The Hotel Eisenhut is unique. It is an enchanting blend of the original architecture of four medieval townhouses and the exquisite antiques of the second owner, Frau Georg Pirner, who was born in the hotel her grandfather Georg Andreas Eisenhut founded in 1876. Today, her son, Hans J. Pirner, great-grandson of the founder, continues the hotel’s hospitality in the best German manner. 

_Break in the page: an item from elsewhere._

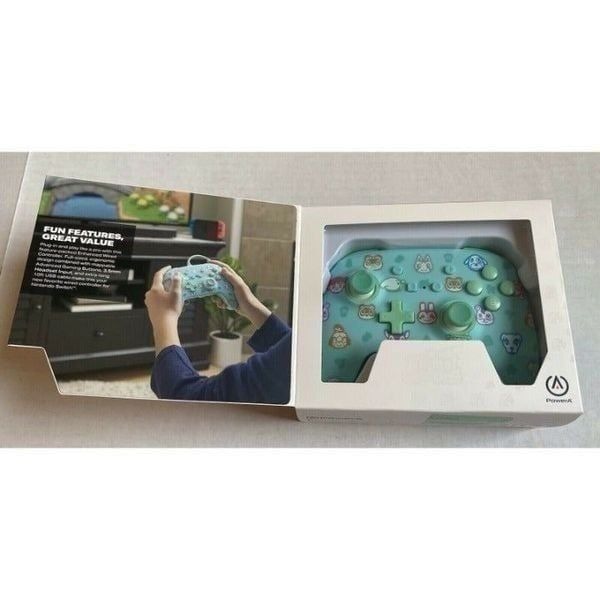 NEW Wired Controller for Nintendo Switch Animal Crossing New Horizons By PowerA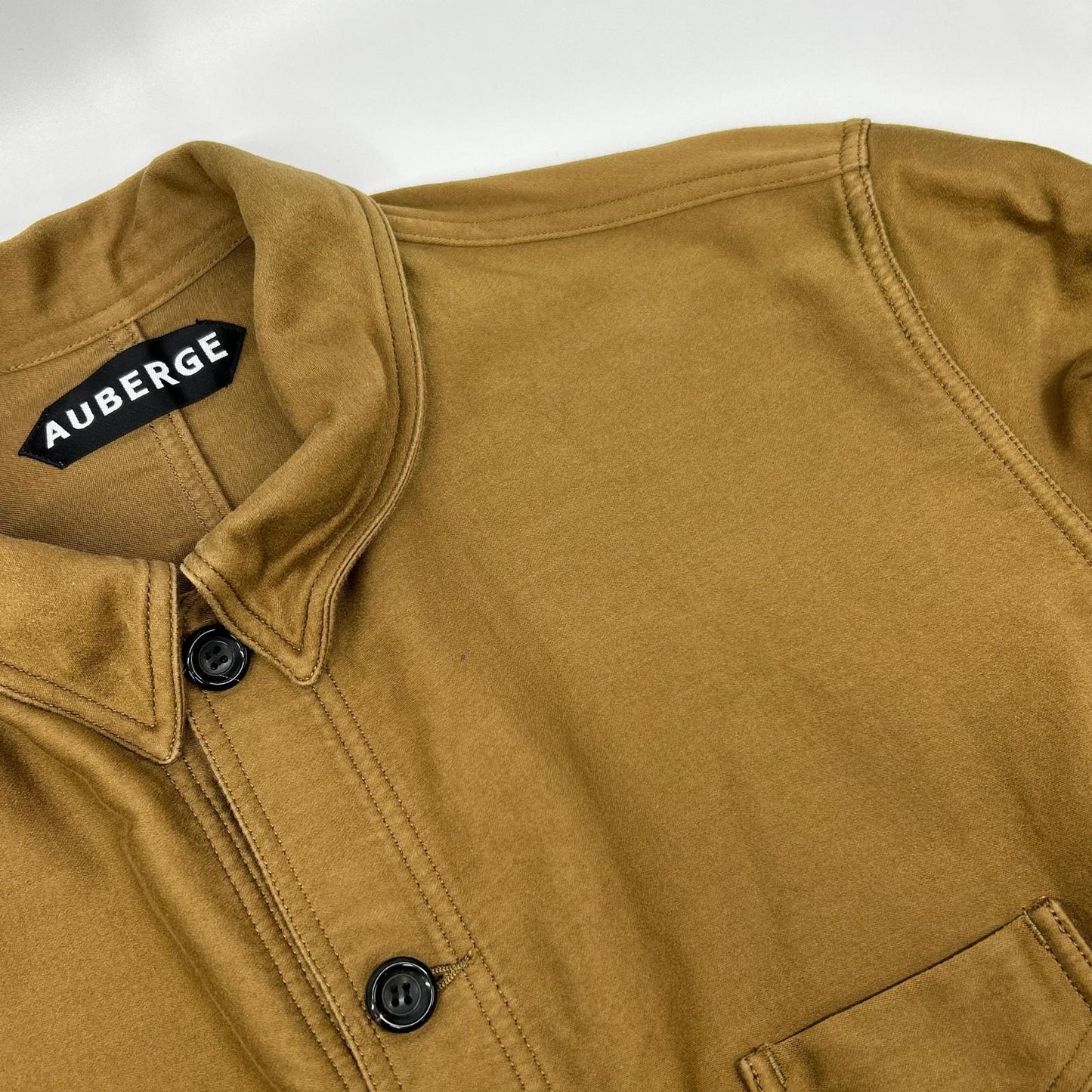 AUBERGE CHARBON DEEP Brown Coverall Jacket Cotton Size 42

From the great Gothic iron door of the 12th-century Chapel of St. Nicholas to the largest private collection of the paintings of Anton Hoffman, the hotel charms its guests with its memories of the past. Frau Pirner, the first person to use colored tablecloths in quality hotels, decorated all the rooms herself with a courage for originality and a flair for colors. Her touch is everywhere in marvelous mixtures of hues that one would love to use at home but never quite dares. No two bedrooms are alike; some burst into brilliant Hungarian rhapsodies with scarlet roses on wallpaper dancing beside flamboyant Loden green tiles while others glow with lavender and primrose and lace. Those chambers are rooms of fantasy from any young girl's dreams and salons of excitement from any hausfrau's imagination. They are places for adventure: luxuriant surroundings that a woman couldn't live with the year round but surely can appreciate and escape into for the magic days and nights which are always too short at the Eisenhut.

"You could pay an architect to build a hotel like the Eisenhut," said Karl Prusse, its one-time director, “and it would be perfect, but it wouldn't have this personality. This hotel lives."